Batılı seçkinler bazı koşullarda, örneğin sosyalizmle mücadele edildiği dönemlerde, gelenekçiliği benimseyebiliyorlar. Aynı zamanda bu isimler, demokrasi adına gelenekçiliğe karşı olduklarını iddia ediyorlar. Güneyin yoksul ülkelerinde gelenekçi unsurlar bağımsız hareket etmeye başlayınca gelenekçilik stratejisi devreye sokuluyor. Burjuva toplum modeli, standart, doğal ve makul model olarak ele alınıyor ve hiçbir hareketin tarihte ileri ya da geri gitmesine izin verilmiyor. Bu kuralın tek istisnası ise kapitalistlerin sosyalistlere karşı gericilere veya burjuva milliyetçilere destek sunma ihtiyacı duyduğu dönemler. Fukuyama’nın da ifade ettiği biçimiyle, liberal demokrasi “tarihin sonu”.

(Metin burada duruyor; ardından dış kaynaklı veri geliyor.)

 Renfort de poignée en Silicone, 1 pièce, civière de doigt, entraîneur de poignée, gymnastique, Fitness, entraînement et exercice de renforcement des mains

Chomsky ve Herman’a göre kutuplaştırma ve “anti-komünizm” dini, kabul edilebilir görüş çeşitliliğini daraltmak gibi bir işleve sahip. Kamuoyu, çoğunlukla “herkesi medenileştireceğiz” diyen liberal söylemin karşısında “hepsini öldürün” bakış açısını buluyor. Radikal isimlerin bakış açıları ise genel seyirciye ulaşmıyor bile.

Doksanlardan beri anti-komünizm yerini “terörizmle mücadele” perspektifine ve kültürel özcülük üzerine kurulu “medeniyetler çatışması” anlayışına bıraktı.[14] Emin Han’a göre “politik İslam konusunda geliştirilen kültürcülük, kapitalist küreselleşmenin sebep olduğu toplumsal ve ekonomik bozulmayı örtbas ediyor ve politik soruların salt kültür sahasında sorulmalarına neden oluyor.[15]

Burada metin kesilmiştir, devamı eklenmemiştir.